**Directions for this task:** Could you copy the records below exactly, leaving out any pictures they include?

──────────────────────────────

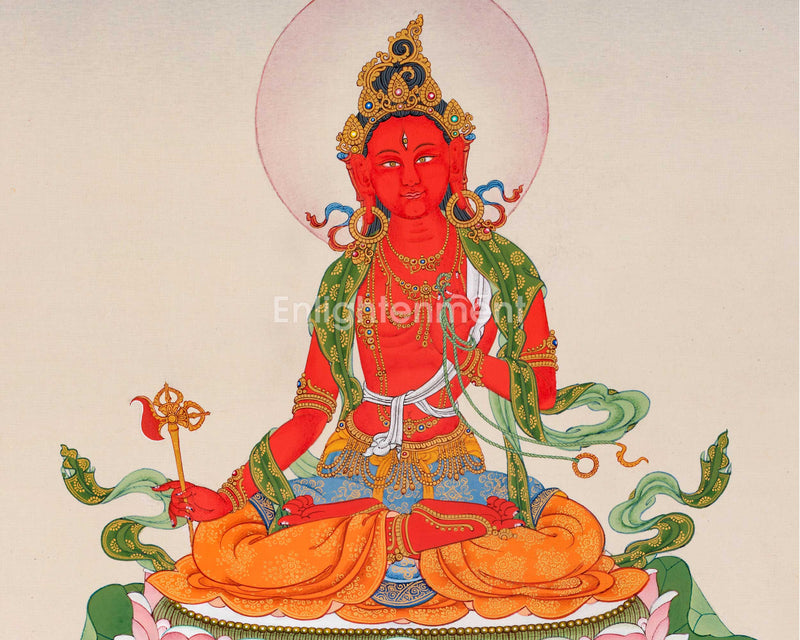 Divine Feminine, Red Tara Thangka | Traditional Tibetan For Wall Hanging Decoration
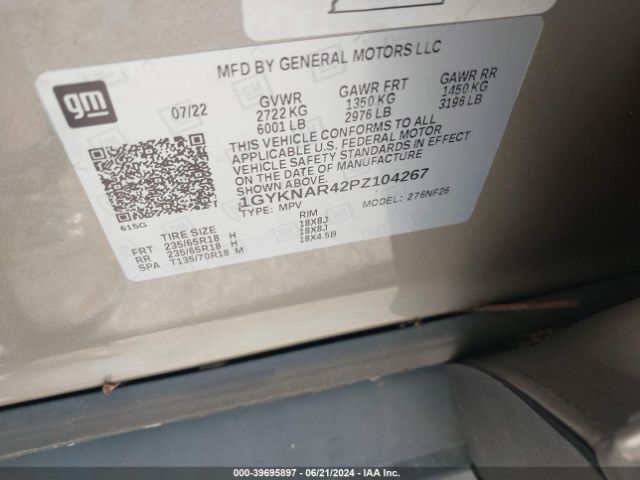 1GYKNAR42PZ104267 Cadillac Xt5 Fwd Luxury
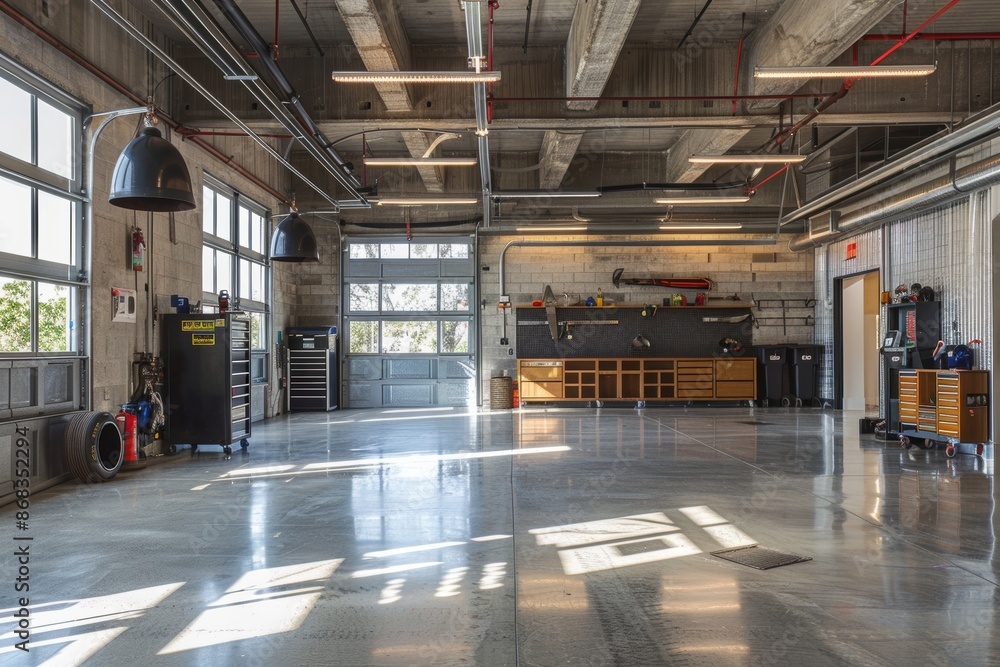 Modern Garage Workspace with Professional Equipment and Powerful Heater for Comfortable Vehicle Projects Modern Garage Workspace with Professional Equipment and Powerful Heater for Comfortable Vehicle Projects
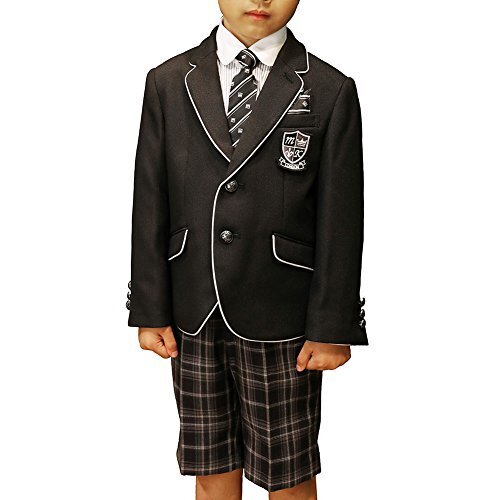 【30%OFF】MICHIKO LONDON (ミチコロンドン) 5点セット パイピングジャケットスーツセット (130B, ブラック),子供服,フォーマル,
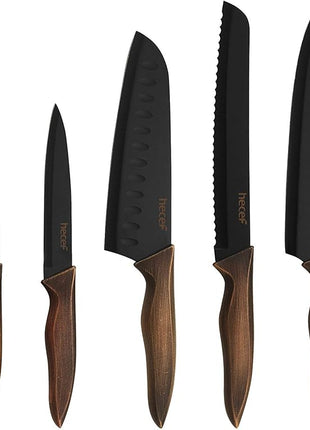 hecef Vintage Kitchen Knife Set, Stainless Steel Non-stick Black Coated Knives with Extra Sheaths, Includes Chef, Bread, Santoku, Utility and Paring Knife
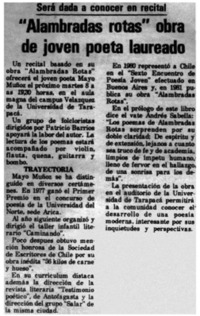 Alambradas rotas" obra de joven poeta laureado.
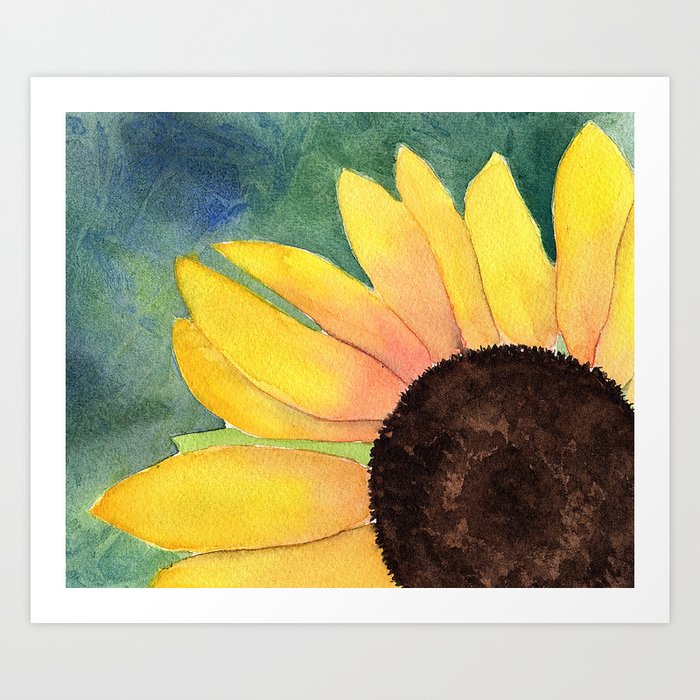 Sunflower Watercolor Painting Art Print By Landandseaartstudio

──────────────────────────────

**Answer to the problem:**
 Divine Feminine, Red Tara Thangka | Traditional Tibetan For Wall Hanging Decoration
 1GYKNAR42PZ104267 Cadillac Xt5 Fwd Luxury
 Modern Garage Workspace with Professional Equipment and Powerful Heater for Comfortable Vehicle Projects Modern Garage Workspace with Professional Equipment and Powerful Heater for Comfortable Vehicle Projects
 【30%OFF】MICHIKO LONDON (ミチコロンドン) 5点セット パイピングジャケットスーツセット (130B, ブラック),子供服,フォーマル,
 hecef Vintage Kitchen Knife Set, Stainless Steel Non-stick Black Coated Knives with Extra Sheaths, Includes Chef, Bread, Santoku, Utility and Paring Knife
 Alambradas rotas" obra de joven poeta laureado.
 Sunflower Watercolor Painting Art Print By Landandseaartstudio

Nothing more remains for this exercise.